After finding the line with "Serving spoon with" in the data below, set down exactly each line through the one with "Ruffled V-Neck Striped Shirt", inclusive, and stop there.

----------

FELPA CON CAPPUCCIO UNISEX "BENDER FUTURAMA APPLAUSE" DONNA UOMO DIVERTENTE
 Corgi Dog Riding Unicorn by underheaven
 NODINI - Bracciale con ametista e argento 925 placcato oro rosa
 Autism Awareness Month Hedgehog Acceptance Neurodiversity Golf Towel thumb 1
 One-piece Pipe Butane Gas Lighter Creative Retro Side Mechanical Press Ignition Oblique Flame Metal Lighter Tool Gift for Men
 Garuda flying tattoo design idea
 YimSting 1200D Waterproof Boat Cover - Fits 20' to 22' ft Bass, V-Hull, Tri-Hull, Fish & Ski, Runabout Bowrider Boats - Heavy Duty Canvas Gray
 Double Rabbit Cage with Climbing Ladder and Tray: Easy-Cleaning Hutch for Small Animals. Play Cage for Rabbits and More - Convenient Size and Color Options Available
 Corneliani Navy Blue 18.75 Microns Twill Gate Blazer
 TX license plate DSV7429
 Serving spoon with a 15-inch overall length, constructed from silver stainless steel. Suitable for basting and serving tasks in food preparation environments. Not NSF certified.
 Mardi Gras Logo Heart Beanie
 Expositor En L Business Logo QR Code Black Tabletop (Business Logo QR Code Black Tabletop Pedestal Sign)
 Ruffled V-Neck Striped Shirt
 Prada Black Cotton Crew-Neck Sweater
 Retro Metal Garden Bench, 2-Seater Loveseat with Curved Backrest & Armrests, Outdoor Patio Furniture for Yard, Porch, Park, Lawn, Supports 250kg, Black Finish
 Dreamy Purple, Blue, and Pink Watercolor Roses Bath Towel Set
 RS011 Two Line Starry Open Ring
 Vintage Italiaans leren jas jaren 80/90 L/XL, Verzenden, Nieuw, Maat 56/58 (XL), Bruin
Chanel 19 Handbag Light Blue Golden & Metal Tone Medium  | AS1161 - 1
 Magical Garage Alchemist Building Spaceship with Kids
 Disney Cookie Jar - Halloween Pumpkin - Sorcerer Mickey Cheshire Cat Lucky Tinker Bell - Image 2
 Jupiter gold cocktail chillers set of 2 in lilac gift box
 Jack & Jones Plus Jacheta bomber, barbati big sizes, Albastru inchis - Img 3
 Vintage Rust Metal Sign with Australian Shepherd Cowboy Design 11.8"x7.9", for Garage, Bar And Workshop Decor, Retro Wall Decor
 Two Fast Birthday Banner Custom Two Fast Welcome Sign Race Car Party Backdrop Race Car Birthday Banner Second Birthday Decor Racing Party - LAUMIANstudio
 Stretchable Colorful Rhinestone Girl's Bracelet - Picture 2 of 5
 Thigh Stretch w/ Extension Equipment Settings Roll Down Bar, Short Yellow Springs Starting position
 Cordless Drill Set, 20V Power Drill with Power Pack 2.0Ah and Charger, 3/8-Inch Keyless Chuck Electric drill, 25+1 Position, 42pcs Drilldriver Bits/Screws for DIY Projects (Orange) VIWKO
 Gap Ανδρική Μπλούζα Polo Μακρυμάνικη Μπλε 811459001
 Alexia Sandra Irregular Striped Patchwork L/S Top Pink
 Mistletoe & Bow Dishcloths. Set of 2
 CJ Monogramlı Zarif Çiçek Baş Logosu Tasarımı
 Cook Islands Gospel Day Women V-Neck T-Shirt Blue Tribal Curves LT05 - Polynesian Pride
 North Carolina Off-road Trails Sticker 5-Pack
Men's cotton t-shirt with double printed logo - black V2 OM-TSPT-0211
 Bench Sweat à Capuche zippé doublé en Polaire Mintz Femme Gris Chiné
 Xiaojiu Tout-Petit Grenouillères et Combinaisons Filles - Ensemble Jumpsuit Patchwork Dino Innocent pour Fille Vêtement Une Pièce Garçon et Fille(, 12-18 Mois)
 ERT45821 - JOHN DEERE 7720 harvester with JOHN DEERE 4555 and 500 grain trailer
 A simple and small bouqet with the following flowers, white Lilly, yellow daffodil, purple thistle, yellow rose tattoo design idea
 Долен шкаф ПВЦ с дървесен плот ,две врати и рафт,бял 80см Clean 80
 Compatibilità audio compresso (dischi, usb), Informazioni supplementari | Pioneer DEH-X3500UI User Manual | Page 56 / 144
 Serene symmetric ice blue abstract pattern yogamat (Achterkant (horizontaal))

----------

Your response:
 Serving spoon with a 15-inch overall length, constructed from silver stainless steel. Suitable for basting and serving tasks in food preparation environments. Not NSF certified.
 Mardi Gras Logo Heart Beanie
 Expositor En L Business Logo QR Code Black Tabletop (Business Logo QR Code Black Tabletop Pedestal Sign)
 Ruffled V-Neck Striped Shirt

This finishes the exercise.